全戦全勝で走り続けた工藤は、この初めての敗北でリングを去った。
引退後は妻の故郷である茨城県で、ボクシングジムを開設している。
第4位 5度防衛 第5代日本ミドル級王者 辰巳 八郎(新和)
第4位 5度防衛 第34代日本ミドル級王者 千里馬 啓徳(神戸)
第4位 5度防衛 第37代日本ミドル級王者 大和田 正春(角海老宝石)
第4位 5度防衛 第40代日本ミドル級王者 西條 岳人(サカエ)
第4位 5度防衛 第52代日本ミドル級王者 江口 啓二(姫路木下)
第9位 4度防衛 第14代日本ミドル級王者 海津 文雄(笹崎)
第9位 4度防衛 第22代日本ミドル級王者 カシアス 内藤(金子)
第9位 4度防衛 第41代日本ミドル級王者 竹原 慎二(沖)
第9位 4度防衛 第54代日本ミドル級王者 淵上 誠(八王子中屋)
連続防衛回数13度の辰巳は3度この王座を獲得しており、
そのうち二度の連続防衛回数がトップテンにランクイン。
通算では20度の防衛を達成しており、こちらもアンタッチャブルレコードになっている。

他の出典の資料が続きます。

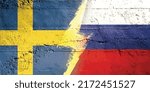 Sweden - Russia conflict. Dispute between Sweden  and Russia. Tensions between Russia and Swden.  Russian and Sweden flag facing each other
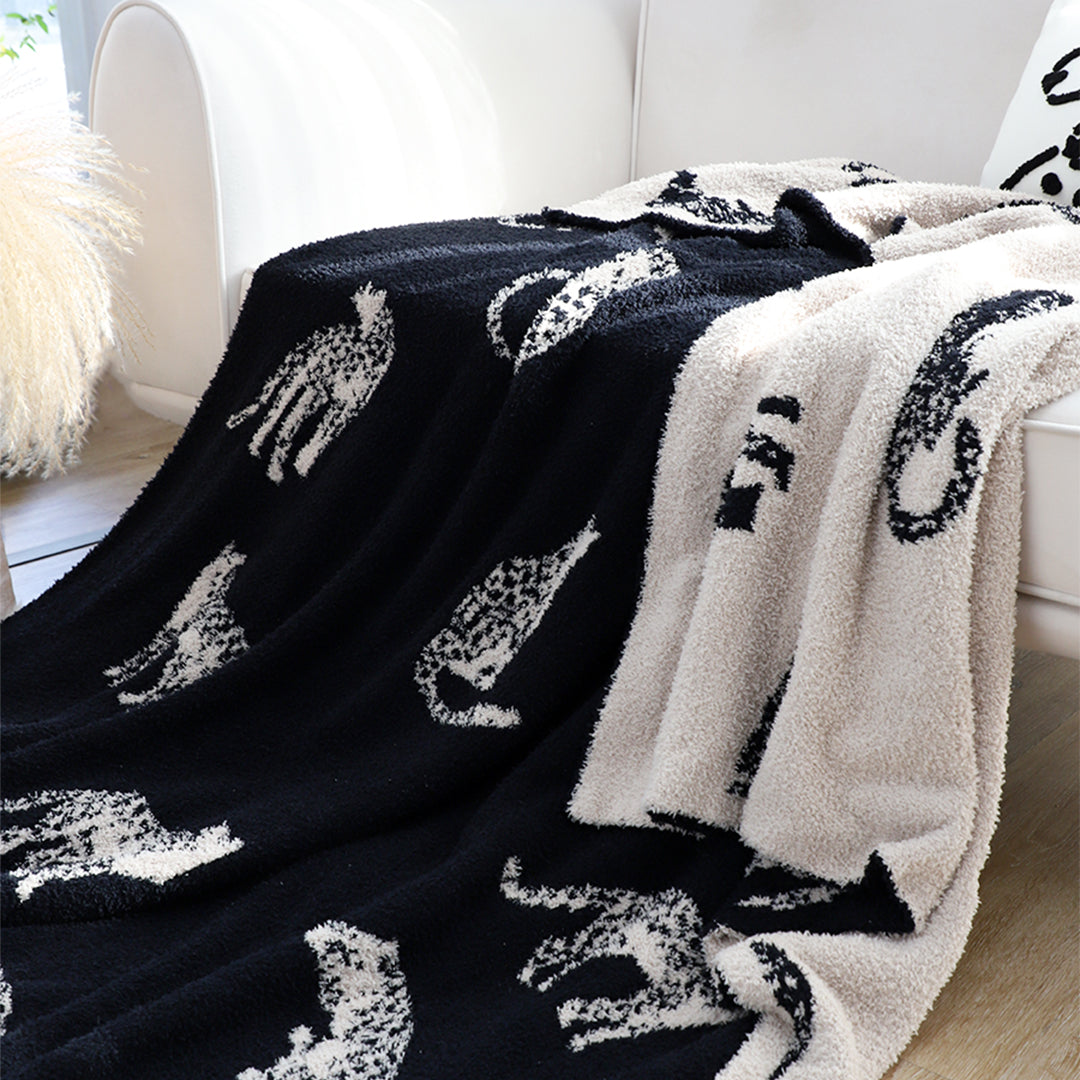 SOGA Black Cream Animal Print Throw Blanket 130x180cm Polyester-2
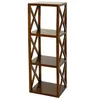 Image de MACABANE EDEN - Étagère marron 3 cases 40 cm croisillons bois Mindi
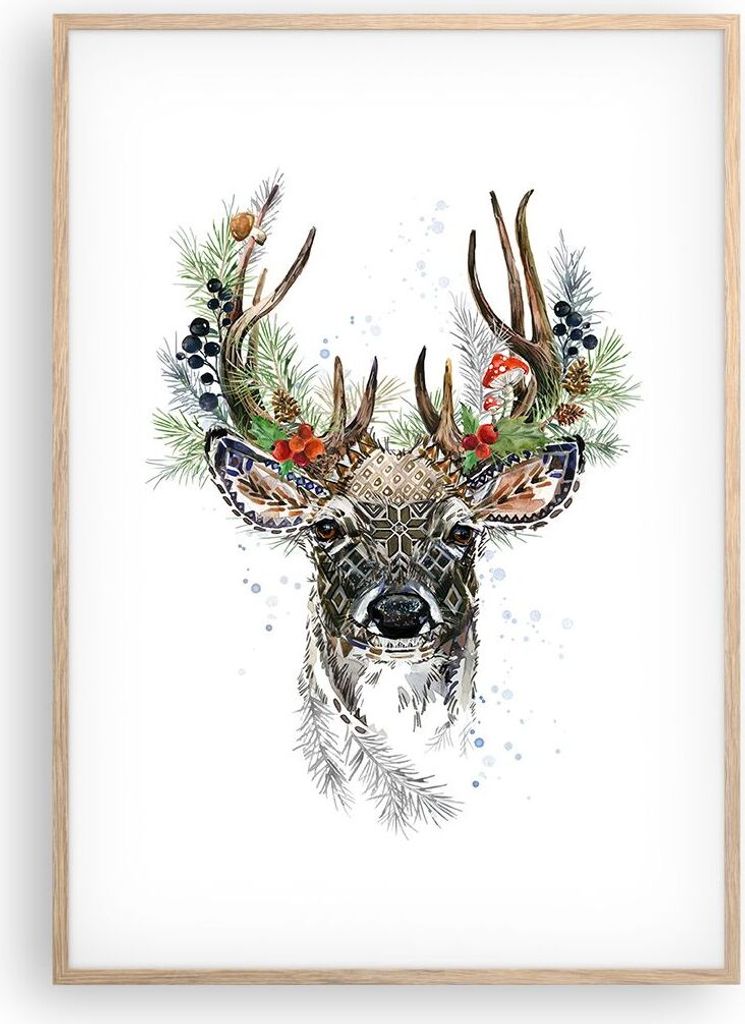 Gerahmtes Poster - Rahmen in heller Eiche - Surrealismus Hirsch Boho - 70x100 cm - Wand Bild - Wanddeko - Wandbilder - Kunstposter - Wandposter - B...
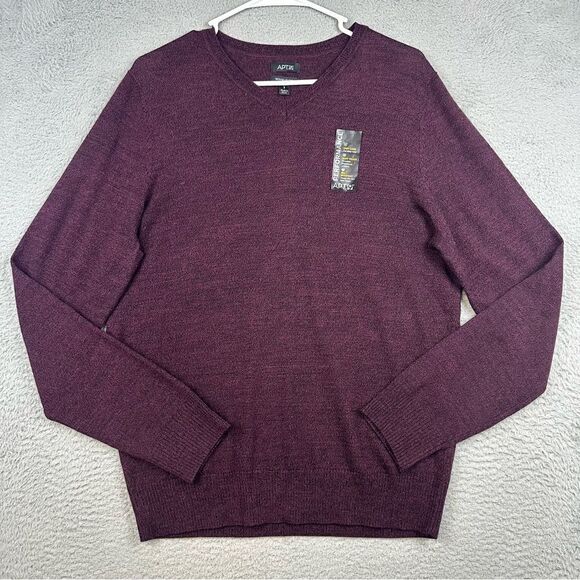 Apt 9 Sweater Mens Small Purple Merino Wool Blend V-Neck Soft Touch Business NEW - Picture 1 of 13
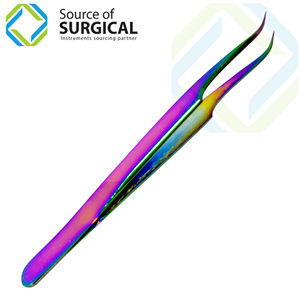 Pince à sourcils à pointe fine de couleur titane à angle de 45 degrés - Product Image 1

2010年代に入ってからのトップテン入りは淵上が達成した4度連続防衛のみ。
2011年12月に淵上が王座を返上して以降、8人の日本ミドル級王者が誕生しているが
最高でも2度の防衛にとどまっている。
現在の日本ミドル級王者、竹迫 司登(ワールドS)は
王座獲得直後は日本ランカーとのタイトルマッチが上手く組めずにマッチメイクに苦戦した。
ただでさえ人材の少ないミドル級、王座獲得直後の試合はノンタイトルマッチとなっている。
日本ランキングが10人に満たず、それだけ少なければ当然、
うまく条件が合致する選手も減るだろうと感じる。
現在、他格闘技との並行が認められていないボクシング。
競技参画への敷居を押し上げ、中量級の人材不足の一因になっているようにも見える。
ここが改善されれば、状況も少しは好転するのだろうが…果たしてあり得るのだろうか。
とは言え、中日本からは丸木 和也(天熊丸木)がミドル級転向を表明。
チャンスを求めるならば、ミドル級参戦も選択肢。
今後、竹迫の防衛ロードか、それとも他の選手が戴冠するのか…。
次戦は3月2日、チャンピオンカーニバルとして加藤 収二(中野サイトウ)との
2度目の防衛戦が予定されている。